Et voila! Extending this to a seven-number stack, we get:

.9.1.7.5.1.1.0
``<{'_}{_}_ ``<{'_}{_}_ ``<{'_}{_}_ ``<{'_}{_}_ ``<{'_}{_}_ ``<{'_}{_}_
#
0000000000000000000000000000000000000000000000000000000000000009

This solution works, but the branches aren't "balanced", i.e. a different number of operations are executed on each branch. We can solve this quite elegantly by employing the mux (U) operation, whose functionality is left as an exercise for the reader. The solution for two numbers is:

.2.1``<U#
0000000000000000000000000000000000000000000000000000000000000002
.1.2``<U#
0000000000000000000000000000000000000000000000000000000000000002

And this about sums up our exercise. An early text version of the solution can be downloaded separately for the curious. All in all, quite an elegant and down-to-earth approach to big number arithmetic; and who knows what else awaits us in the next chapters!

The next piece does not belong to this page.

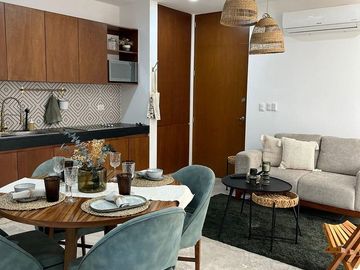 Departamento en Temozón Norte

  1. This write-up may turn out to be not such a useless endeavour, and for a few reasons.

    First, my break from writing (anything else other than academic hogwash) has left a visible negative mark on the quality thereof, so writing anything at all stemming from my own mental preputium is welcome. I don't care if the reader agrees or not, it's why I have a blog in the first place.

    Second, if you're still reading this, it's very possible that you haven't heard about Loper OS or FFA, or for that matter anything related to TMSR. Third, the exercise of describing programs in a literate manner is never useless; so who knows, maybe by the end I'll have understood this myself!

    Note that this article is not meant to replace the actual thing. If you want to understand FFA properly, go read FFA. And just so that we understand each other, that DeGrasse Tyson guy is an imbecile.

  2. And if you have, then how are you any better than Koch, the OpenSSL freaks et al.?

  3. Before Microsoft's idiotic "please restart your computer so we can probe you anally with upgrades", computing was used for things that need to run, preferrably for years, or at least for months, without any interruption. That includes your hypothetical nuclear plant, but also your heater and the plane you sometimes use to go to Rome and Paris to take all those selfies.

    If any of those items were designed even remotely similarly to Windows, they would blow up within hours. Do you know why they don't? Right, because engineers design them not to. And to do that, engineers need to ensure that the behaviour of each of those items is deterministic, which means that no, "please wait, inserting anal probe" is not an option.

  4. Unless the behaviour of said garbage collected memory management can be measured and observed to be deterministic. This leaves all software implementations out, and any hardware implementation would leave "multitasking" and any other such nonsense out. But we're already way over our pay grade here.

  5. I haven't verified that it is context-free, but I am making an educated guess based on the presence of the stack and other nested constructs, e.g. comments and quotations, and moreover, based on the lack of loops.

    Here's an exercise for the aspiring computer scientist: write down the pushdown automaton that describes FFACalc.

  6. I can't emphasize this enough: read the code to see exactly why and how!